Jeremy Quastel (University of Toronto)

The Kardar-Parisi-Zhang equation and its universality class:
This mini-course will focus on the KPZ equation. It was introduced in 1986 and has become the default model in physics for random interface growth. It is a member of a large universality class with non-standard fluctuations, including directed polymers. Even in one dimension, it turned out to be difficult to interpret and analyze mathematically, but at the same time to have a large degree of exact solvability. The course will survey the history and recent progress.

Benjamin Schlein (Universität Bonn)

Derivation of effective evolution equations from quantum dynamics:
This mini-course will address the problem that fundamental physical evolution equations such as the many-body Schrodinger equation are too complicated to provide useful quantitative information on systems with large numbers of interacting degrees of freedom. The course will describe regimes in which simpler effective evolution equations provide good approximations. Examples are mean field limits and evolution equations for Bose-Einstein condensates.
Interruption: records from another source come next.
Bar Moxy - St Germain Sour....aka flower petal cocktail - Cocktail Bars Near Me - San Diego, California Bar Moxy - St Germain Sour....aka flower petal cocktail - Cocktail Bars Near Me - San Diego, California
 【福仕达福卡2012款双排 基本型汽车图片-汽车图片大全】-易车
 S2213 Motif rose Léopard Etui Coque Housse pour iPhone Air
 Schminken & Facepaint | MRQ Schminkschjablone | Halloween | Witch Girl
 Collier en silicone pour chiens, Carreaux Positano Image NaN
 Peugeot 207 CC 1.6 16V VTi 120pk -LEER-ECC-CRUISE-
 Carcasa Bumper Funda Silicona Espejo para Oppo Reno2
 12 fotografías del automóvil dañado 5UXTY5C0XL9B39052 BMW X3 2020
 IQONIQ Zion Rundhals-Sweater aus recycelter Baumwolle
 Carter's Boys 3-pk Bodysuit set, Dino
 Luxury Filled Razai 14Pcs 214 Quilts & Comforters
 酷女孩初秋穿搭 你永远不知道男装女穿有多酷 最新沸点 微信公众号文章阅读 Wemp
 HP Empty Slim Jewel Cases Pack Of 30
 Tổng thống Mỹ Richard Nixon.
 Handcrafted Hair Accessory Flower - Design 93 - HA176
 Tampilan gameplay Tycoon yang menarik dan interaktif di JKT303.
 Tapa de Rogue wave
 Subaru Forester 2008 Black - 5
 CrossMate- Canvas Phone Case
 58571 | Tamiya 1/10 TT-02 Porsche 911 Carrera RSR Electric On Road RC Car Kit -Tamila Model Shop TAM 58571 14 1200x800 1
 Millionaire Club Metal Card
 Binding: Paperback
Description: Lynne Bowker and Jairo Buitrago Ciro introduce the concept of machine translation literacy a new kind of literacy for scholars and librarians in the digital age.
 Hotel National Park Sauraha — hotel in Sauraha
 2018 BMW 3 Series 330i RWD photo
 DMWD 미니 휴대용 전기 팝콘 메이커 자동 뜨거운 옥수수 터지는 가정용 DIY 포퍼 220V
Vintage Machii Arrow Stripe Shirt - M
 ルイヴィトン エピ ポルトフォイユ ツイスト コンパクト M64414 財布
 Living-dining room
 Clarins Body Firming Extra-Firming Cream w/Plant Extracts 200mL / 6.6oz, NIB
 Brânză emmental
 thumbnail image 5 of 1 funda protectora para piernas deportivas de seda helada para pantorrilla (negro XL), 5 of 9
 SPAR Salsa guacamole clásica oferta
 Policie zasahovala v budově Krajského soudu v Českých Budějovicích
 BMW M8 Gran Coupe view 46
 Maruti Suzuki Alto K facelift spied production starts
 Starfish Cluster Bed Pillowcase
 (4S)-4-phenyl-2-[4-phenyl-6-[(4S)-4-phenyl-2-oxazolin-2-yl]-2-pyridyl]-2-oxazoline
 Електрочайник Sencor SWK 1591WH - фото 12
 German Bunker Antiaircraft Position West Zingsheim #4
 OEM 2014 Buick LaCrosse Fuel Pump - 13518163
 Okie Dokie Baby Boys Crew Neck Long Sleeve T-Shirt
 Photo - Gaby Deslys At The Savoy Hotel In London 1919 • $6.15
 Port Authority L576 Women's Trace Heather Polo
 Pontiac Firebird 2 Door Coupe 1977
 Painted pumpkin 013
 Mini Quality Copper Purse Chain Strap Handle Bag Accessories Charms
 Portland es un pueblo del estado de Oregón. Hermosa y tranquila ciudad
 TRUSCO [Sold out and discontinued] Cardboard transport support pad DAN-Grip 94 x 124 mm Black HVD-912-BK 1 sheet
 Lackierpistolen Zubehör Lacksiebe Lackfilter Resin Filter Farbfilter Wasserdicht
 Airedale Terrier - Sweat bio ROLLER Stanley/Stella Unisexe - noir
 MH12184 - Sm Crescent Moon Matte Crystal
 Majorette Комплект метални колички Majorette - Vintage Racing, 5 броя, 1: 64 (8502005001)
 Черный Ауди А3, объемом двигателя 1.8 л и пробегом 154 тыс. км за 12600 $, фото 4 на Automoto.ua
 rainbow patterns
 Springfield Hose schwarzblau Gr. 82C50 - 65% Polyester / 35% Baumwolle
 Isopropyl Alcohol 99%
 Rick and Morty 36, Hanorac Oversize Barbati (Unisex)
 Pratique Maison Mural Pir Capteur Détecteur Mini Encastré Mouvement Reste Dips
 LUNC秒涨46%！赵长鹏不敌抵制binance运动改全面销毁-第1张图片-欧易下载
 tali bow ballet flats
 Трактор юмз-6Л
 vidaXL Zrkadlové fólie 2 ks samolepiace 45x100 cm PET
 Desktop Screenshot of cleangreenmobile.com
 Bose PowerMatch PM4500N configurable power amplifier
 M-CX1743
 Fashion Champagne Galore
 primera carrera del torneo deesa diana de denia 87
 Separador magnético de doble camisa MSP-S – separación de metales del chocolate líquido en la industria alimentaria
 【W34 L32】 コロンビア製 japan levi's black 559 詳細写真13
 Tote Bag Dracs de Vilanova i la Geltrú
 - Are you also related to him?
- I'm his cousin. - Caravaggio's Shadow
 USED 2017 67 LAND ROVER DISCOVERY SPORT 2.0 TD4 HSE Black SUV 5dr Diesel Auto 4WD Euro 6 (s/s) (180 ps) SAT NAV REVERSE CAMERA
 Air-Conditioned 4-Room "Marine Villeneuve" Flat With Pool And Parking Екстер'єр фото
Simone Warzel (Technische Universität München)

Random Schrödinger operators:
This mini-course will focus on progress in the theory of random Schrödinger operators. A prototype is given by the Anderson model, which provides a rigorous framework in the study of conductivity properties of disordered materials. This will include results for Anderson models on tree graphs, where a more complete understanding of the localization-delocalization transition has recently been obtained.